The conservation implications of these studies are clear. The Caribbean is already one of the world's hottest hot spots, retaining only just over 10% of its original forest cover (1). Habitat across the archipelago has been reduced to tiny patches-islands within islands (9)--aggravating the vulnerability to catastrophes inherent in the region's geographic subdivision. Species extinctions resulting from human pressures have already struck the West Indies on a massive scale. Of the 197 endemic mammals and birds across the islands (1), at least 43 have become extinct over the last 500 years (10). This equates to nearly 500 extinctions per year per million species, three orders of magnitude higher than expected given species' lifetimes in the fossil record (2). Worse yet, 84 more Caribbean endemic mammals and birds are classified on the Red List as threatened with a high probability of extinction in the medium-term future (10). Seen from a gloomy perspective, these species represent an extinction debt-losses already under way after habitat destruction. Worst of all, the remaining habitat patches of the Caribbean are small (and getting smaller), and so, given that the rate of extinction after habitat loss is scale dependent (6), these extinctions will probably occur soon.

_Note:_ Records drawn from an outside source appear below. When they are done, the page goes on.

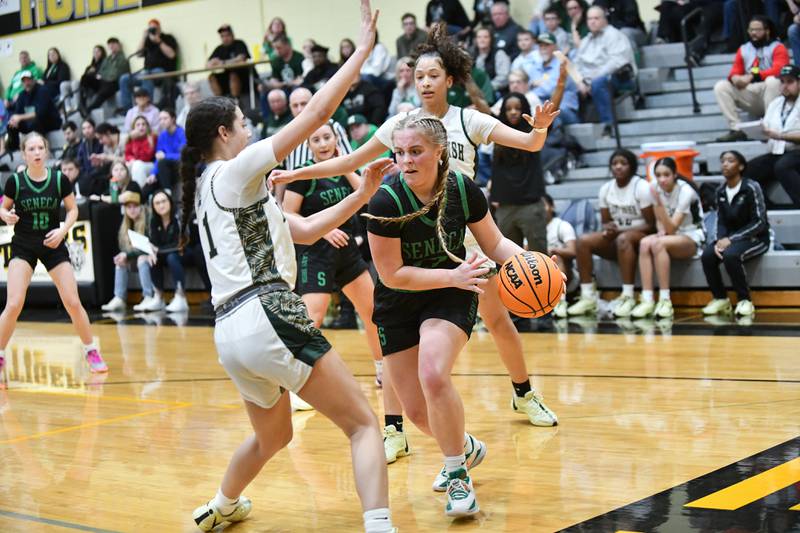 Seneca's Emma Mino looks to pass around Bishop McNamara's Trinity Davis during the Lady Irish's 51-30 loss to Bishop McNamara in the IHSA Class 2A Herscher sectional semifinal on Tuesday, Feb. 25.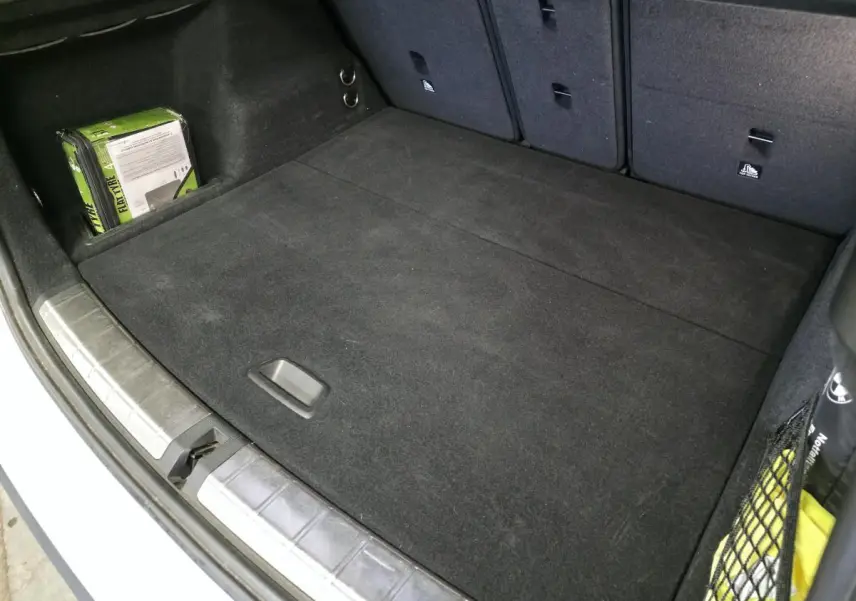 Vue intérieure du coffre noir du BMW X1 blanc 2022 avec tapis et rangements latéraux visibles.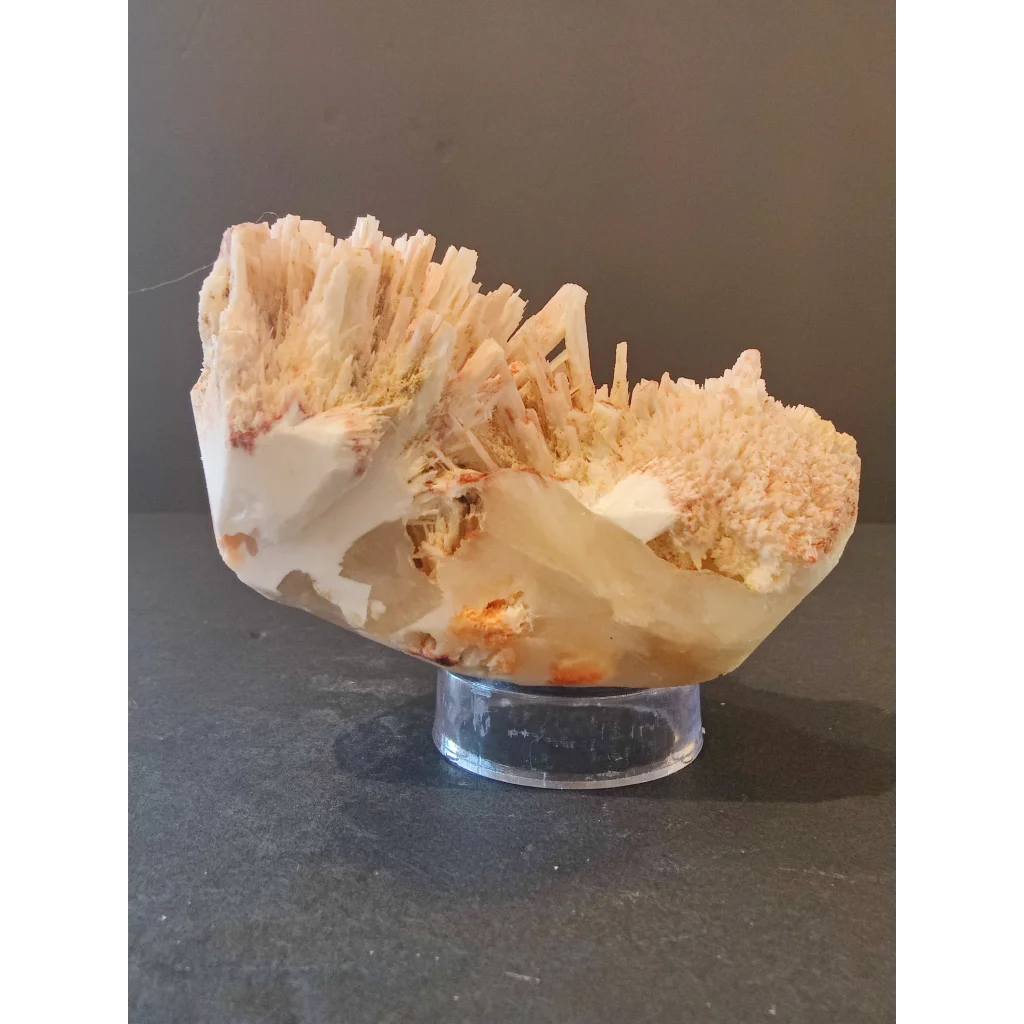 Red mordenite specimen 298g: translucent cream geode with crystals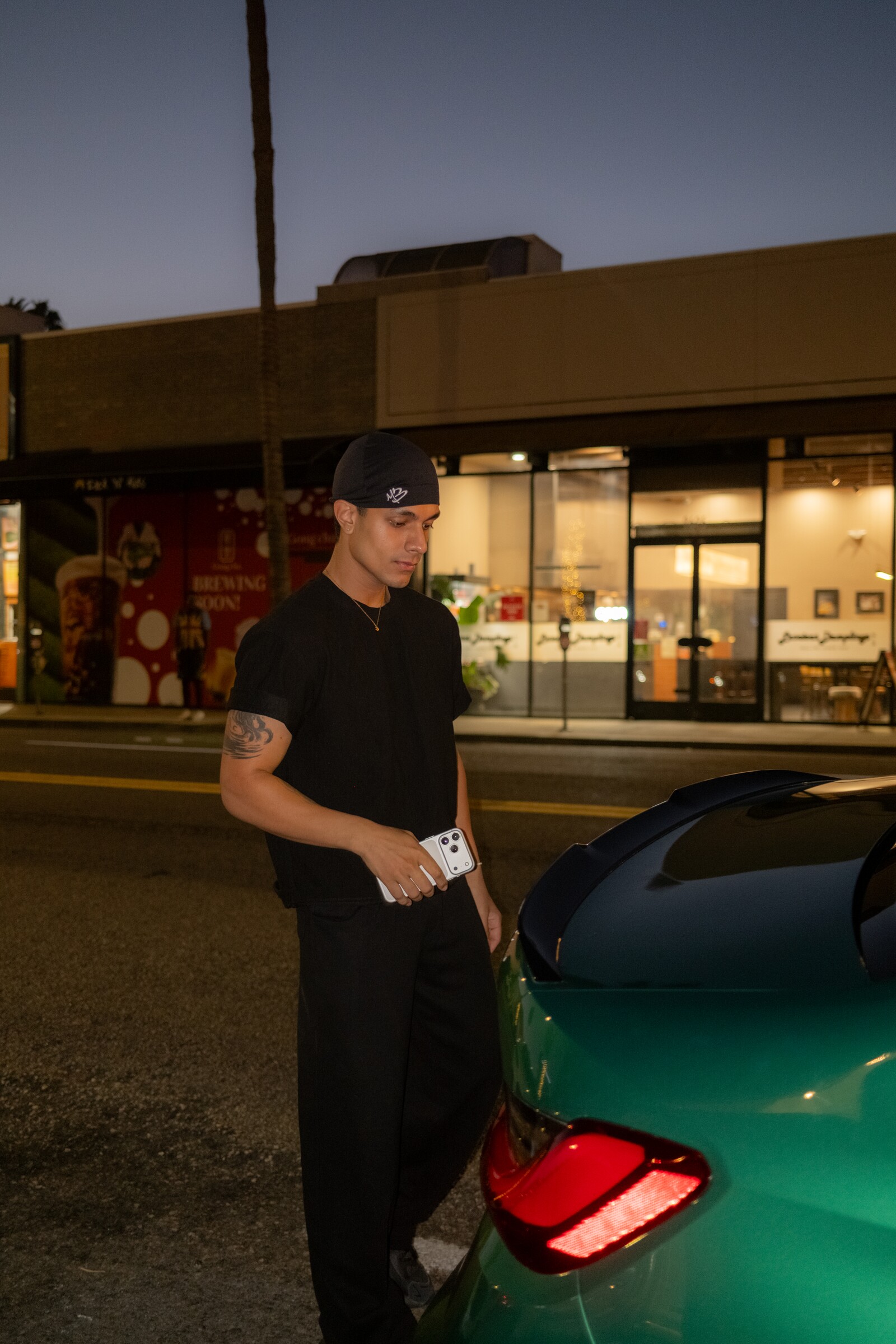 Aryan Mahajan in black beside a green BMW M3 at night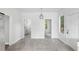 Open dining area with neutral tile, pendant lighting, and natural light at 3105 N 16Th St, Tampa, FL 33605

The studies of Schoener et al. and of Ricklefs and Bermingham do, however, cast one ray of hope for conservation of the Caribbean's unique biodiversity. Imagine a conservation vision across the region, with the land- and seascape of surviving habitat fragments connected within a matrix of benign land use by "corridors" (11). Such corridors would consist not only of restored habitat and zones of low-impact human activity, but also, as Schoener et al. indicate, interdependent systems of tiny, largely pristine, islands. Recall that to reconcile the two studies, we invoke scale dependence in the persistence of the impact of historical catastrophe. If this is correct, then surely the recolonization of tiny habitat fragments across the conservation landscape would be rapid, analogous to the situation illustrated by Schoener et al. Obviously, it is too late for groups such as the West Indian macaws, already forced into catastrophic extinction (12). For the large portion of Caribbean biodiversity currently threatened with extinction, though, these studies suggest that all is not yet lost-as long as conservation can be implemented on an unprecedented scale across the region.